Apesar da existência da referida Lei, ao que me parece, o artigo 46 é inconstitucional, considerando que a Constituição é a Lei Maior e que todas as demais leis devem segui-la, implementá-la, portanto, viabilizá-la, nunca conflitá-la. 

Ao possibilitar que emissoras de rádio e TV possam fazer distinções (e exclusões) na participação de debates que venham a promover, tal artigo também impede que candidatos ao cargo majoritário tenham a mesma oportunidade de exercerem o seu direito constitucional, e também o seu dever, de tornarem públicas as suas propostas de governo e de esclarecerem os pontos que estiverem obscuros. (3)

Ao criar tal brecha no princípio de igualdade garantido na Constituição, a legislação citada, em seu artigo 46, restringe o legítimo direito do povo brasileiro de ficar ciente, e consciente, de quem são os candidatos aos cargos majoritários (e também aos proporcionais), bem como de conhecerem os seus respectivos programas de governo, ficando o povo brasileiro, de certa forma, cerceado em seu direito de livre escolha. Sim, pois a liberdade de escolha está relacionada ao acesso aos candidatos e às suas propostas e o acesso, no que diz respeito aos debates públicos promovidos pelas emissoras de rádio e TV e ao horário eleitoral gratuito, está sendo cerceado pelos limites impostos pela Lei nº 9.504.

Ao vincular a participação dos candidatos em debates promovidos por emissoras de rádio e TV à sua representatividade na Câmara dos Deputados, a  Lei nº 9.504 institui uma espécie de pré-requisito aos cargos majoritários e proporcionais, criando condição de vantagem para alguns partidos, e, assim, criando a possibilidade de sua perpetuação no poder. Além do fato de deixar que o poder econômico de alguns candidatos determine o pleito.

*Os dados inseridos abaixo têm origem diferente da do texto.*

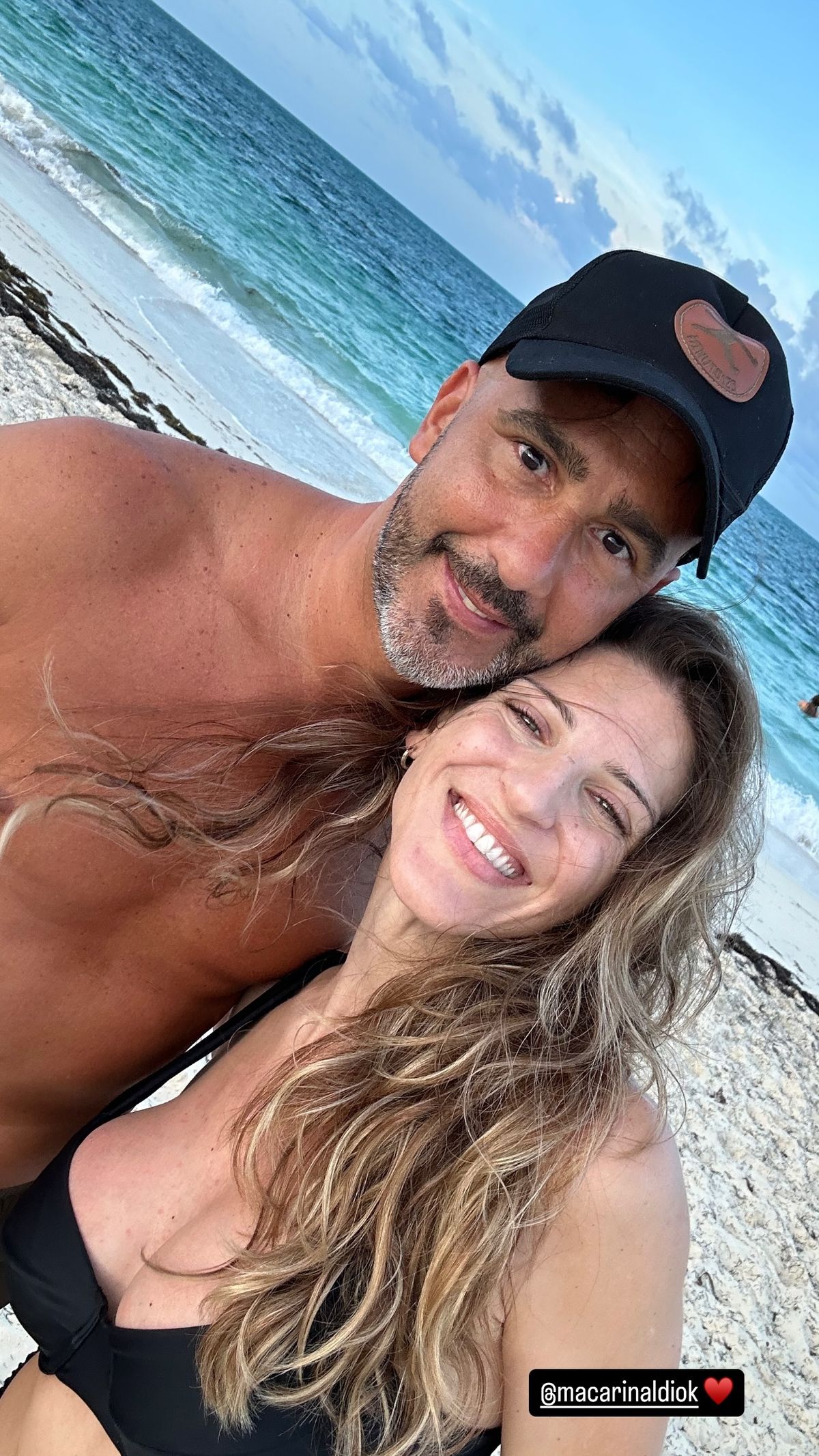 La foto de Macarena Rinaldi que confirmaría que Fede Hoppe será papá. La foto de Macarena Rinaldi que confirmaría que Fede Hoppe será papá.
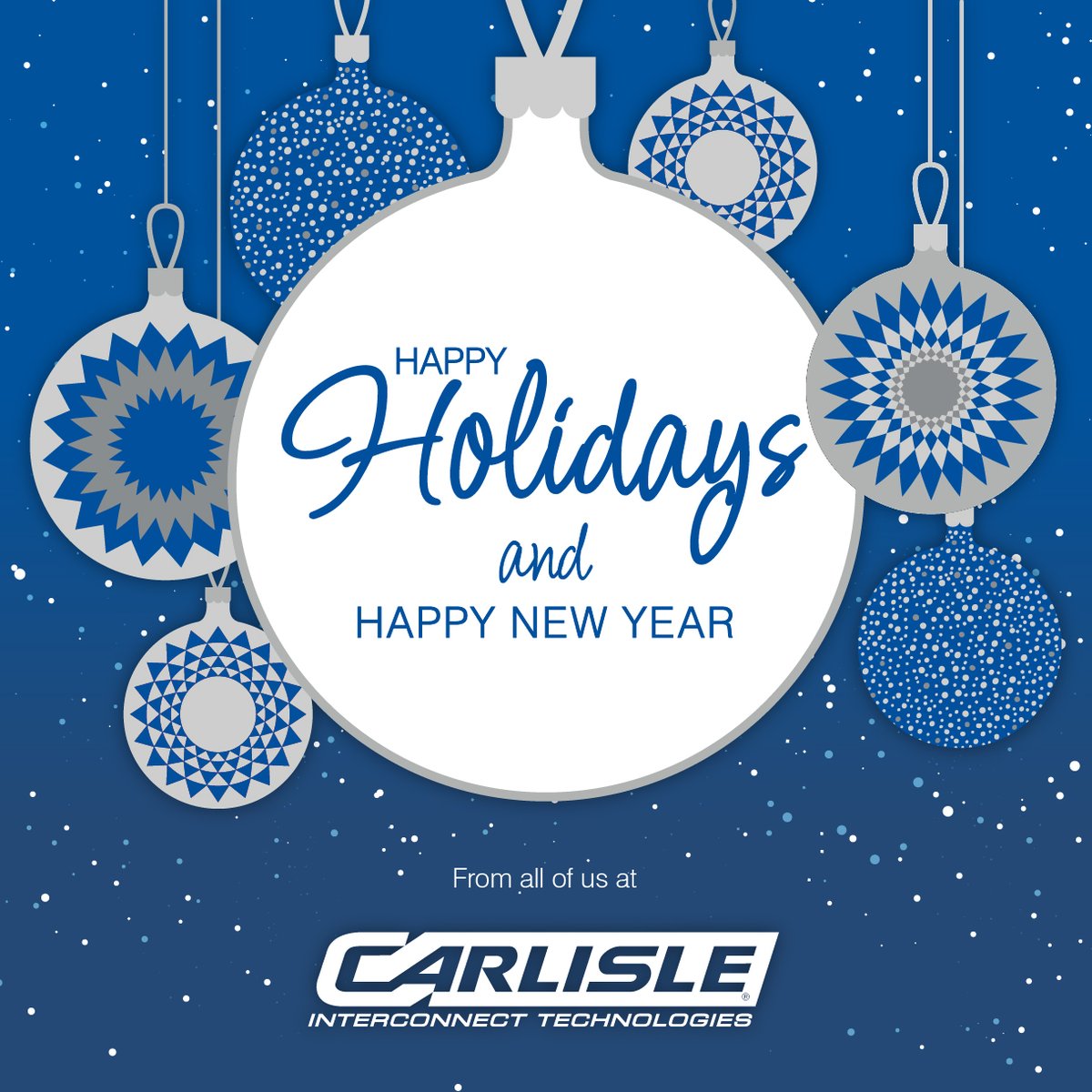 Happy holidays from our team to yours! Please note that we will be closed on Dec. 22, 25, 29, and Jan. 1.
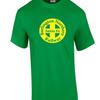 Vintage BNSF T Shirt RETRO Railroad TRAIN Yellow Irish Green S 5XL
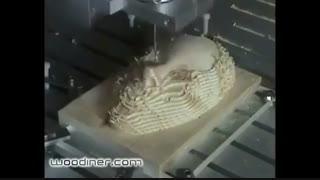 طراحی صورت انسان توسط CNC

Ao que me parece, no que se refere à divulgação de candidatos e suas respectivas propostas de governo nos pleitos do país, e, assim, ao acesso do povo aos mesmos, tal Lei instituí um 4º Poder: O Poder da Mídia, cuja audiência atraí patrocinadores e, por aí, se apresenta o poder econômico

Todos sabem que para que a população possa votar em alguém, ela precisa conhecer esse alguém, por isso há a campanha política. Acontece que se um candidato a vereador, com muita história de luta em seu município, pode se fazer conhecer e conseguir eleger-se pelo voto dos munícipes, o mesmo torna-se impossível para sua eleição para o cargo de deputado estadual, federal, senador, governador e, sobretudo, para a presidência do país, visto que deverá se tornar conhecido em uma extensão territorial muito maior do que os de seu município. 

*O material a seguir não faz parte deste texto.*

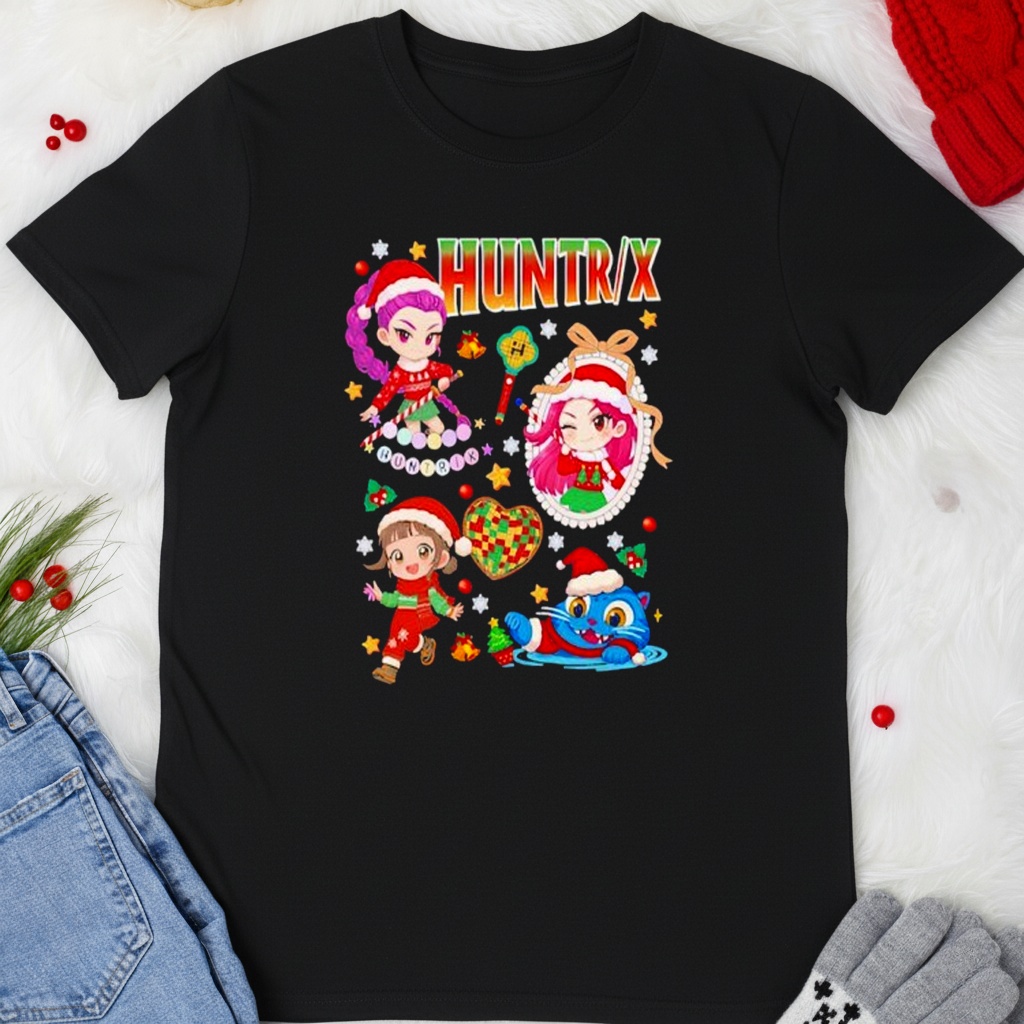 Kpop Demon Hunters Huntrix Christmas shirt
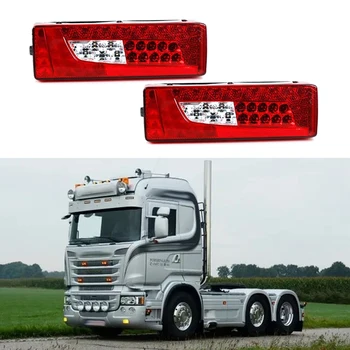 Комбинированные задние фонари со светодиодными фарами 24V, правые и левые задние фонари со звуковым сигналом Для тяжелого грузовика Scania G400 G450 2380954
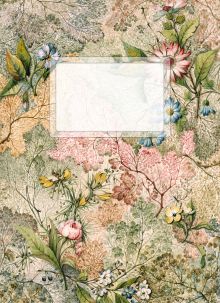 Блокнот A6. Цветы в орнаменте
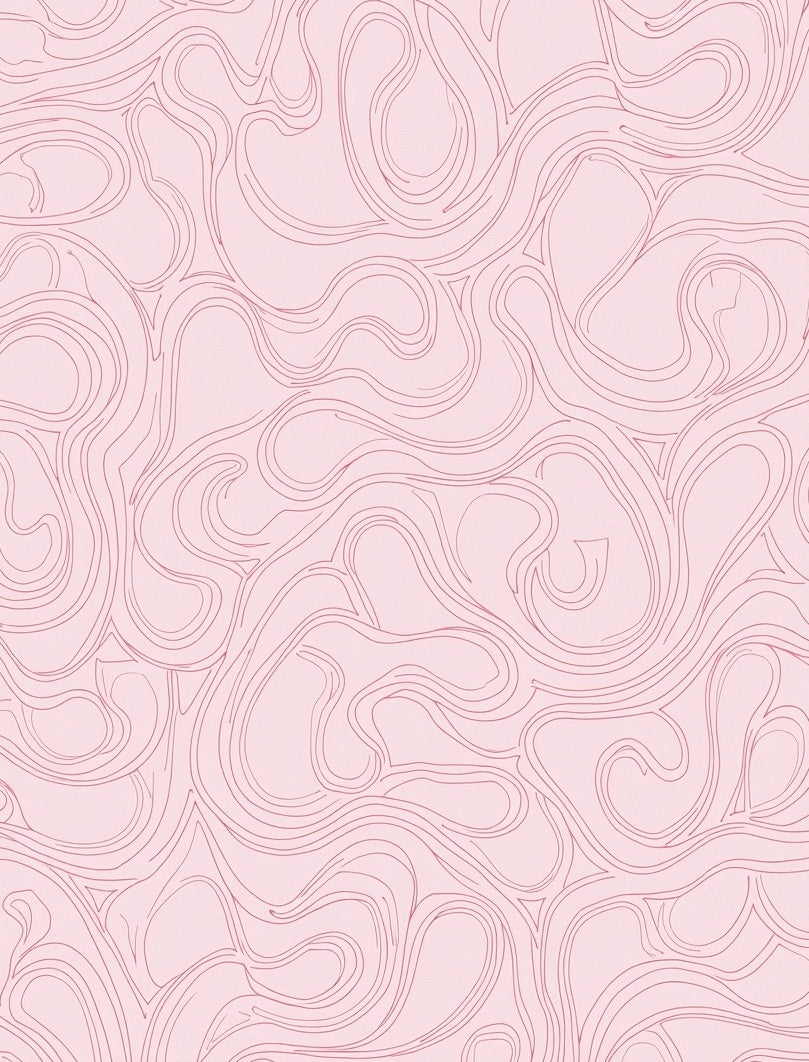 Pink Swirls Pattern Rug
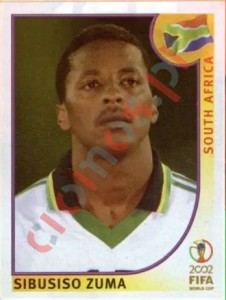 165 Sibusiso Zuma – FIFA World Cup Korea/Japan 2002 Panini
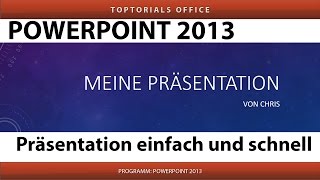 Powerpoint Präsentation erstellen Diagramm Bild Tabelle [upl. by Anaek]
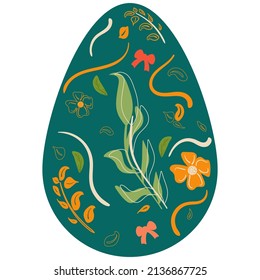 Huevo de Pascua en Doodle Estilo simple.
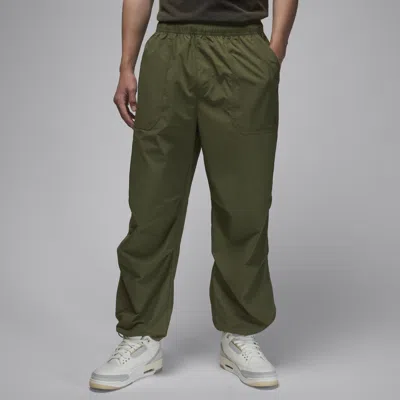 Jordan Men's  Essentials Woven Pants In Olive/olive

Para ganhar eleitores, o candidato precisa se fazer conhecido, bem como, penso eu, divulgar os seus feitos. E como divulgá-los? Para tanto, há a necessidade de meios de divulgação e de recursos financeiros. Para relativizar o poder econômico, existe o espaço da propaganda gratuita nas emissoras de rádio e TV, espaço que já discrimina os candidatos e os partidos, ao vincular o tempo de exposição à representação do partido na Câmara dos Deputados, conforme o artigo 47 da Lei supracitada.

Por tudo isso, creio que o artigo 46 e 47, da referida Lei Eleitoral, não só fere os artigos constitucionais 1º e 5º quanto fere o artigo 14º, tanto no princípio da igualdade, quanto com relação à soberania popular e ao direito à elegibilidade dos cidadãos candidatos, criando uma espécie de parágrafo segundo ao Artigo 1º da Constituição Federal de 1988 e que ouso aqui explicitar: Artigo 5º, Parágrafo Quinto: "Todos são iguais perante a lei, exceto para a sua divulgação e de suas propostas caso venham a concorrer aos cargos majoritários e proporcionais do país, cuja possibilidade está diretamente vinculada à representação do partido na Câmara dos Deputados".

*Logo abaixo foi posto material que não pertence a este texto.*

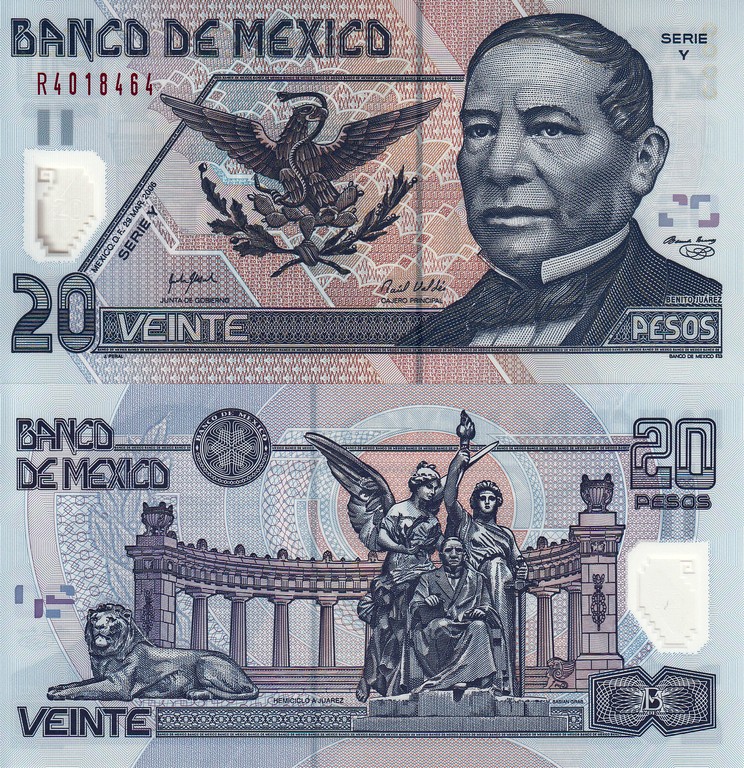 Мексика Банкнота 20 песо 2003 UNC P116f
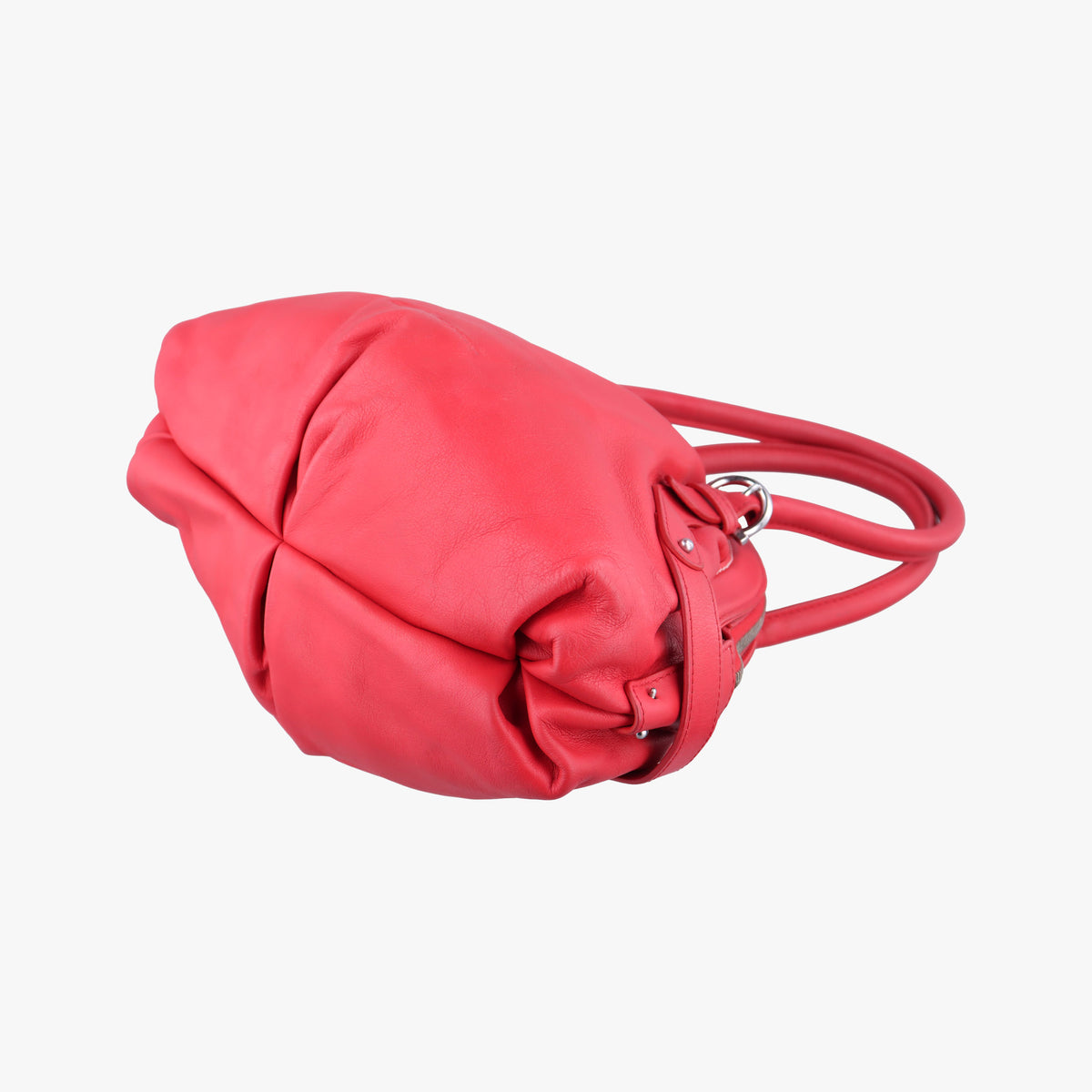 Pre-owned Ferragamo Marissa Red leather  handbag | stylenewstar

Entendo que é inconstitucional vincular à composição de bancada na Câmara dos Deputados ou a pesquisas de intenção de votos o direito do cidadão candidato a cargos do Legislativo ou do Executivo à divulgação de suas propostas de governo, seja em horário gratuito, seja em debates promovidos por emissoras de TV e rádios, seja em entrevistas promovidas por qualquer mídia, pois isso é um critério excludente e que cria a iniquidade. 

Como cidadão brasileira, quero ter preservado o meu direito à informação e tal direito inclui o acesso a todos os candidatos aos cargos majoritários e proporcionais de meu país. Tal direito inclui o acesso aos seus respectivos feitos, desfeitos e programas de governo. Tal direito inclui ouvir todos, sem restrições e sem distinção de tempo, em debates públicos promovidos por emissoras de rádio e TV e em horários de propaganda gratuita.


Luzia M. Cardoso


RJ, 04\10\2014

Referências

1 - ADABO, Gabrielle Maise e CORTEZ, Glauco Rodrigues. A Rede Globo e as Eleições Presidenciais no Período de 1998 a 2008: Transformações por uma nova imagem. In, Anais do XV Encontro de Iniciação Científica da PUC-Campinas, SP, de 26 a 27 de outubro de 2010. Disponível em https://www.puc-campinas.edu.br/websist/portal/pesquisa/ic/pic2010/resumos/2010923_19248_501993902_resabr.pdf):


2 -  Lei das Eleições de Nº 9. 504, de 30 de setembro de 1997

"Art. 46. Independentemente da veiculação de propaganda eleitoral gratuita no horário definido nesta Lei, é facultada a transmissão, por emissora de rádio ou televisão, de debates sobre as eleições majoritária ou proporcional, sendo assegurada a participação de candidatos dos partidos com representação na Câmara dos Deputados, e facultada a dos demais, observado o seguinte:



Res.-TSE nº 22.318/2006: impossibilidade, no caso de debates, de exigir-se que a representação do partido na Câmara dos Deputados esteja vinculada ao início da legislatura, não se podendo ampliar o alcance do § 3º do art. 47 desta lei. Res.-TSE nº 22.340/2006: considera-se a representação dos partidos na Câmara dos Deputados na época das convenções para escolha de candidatos.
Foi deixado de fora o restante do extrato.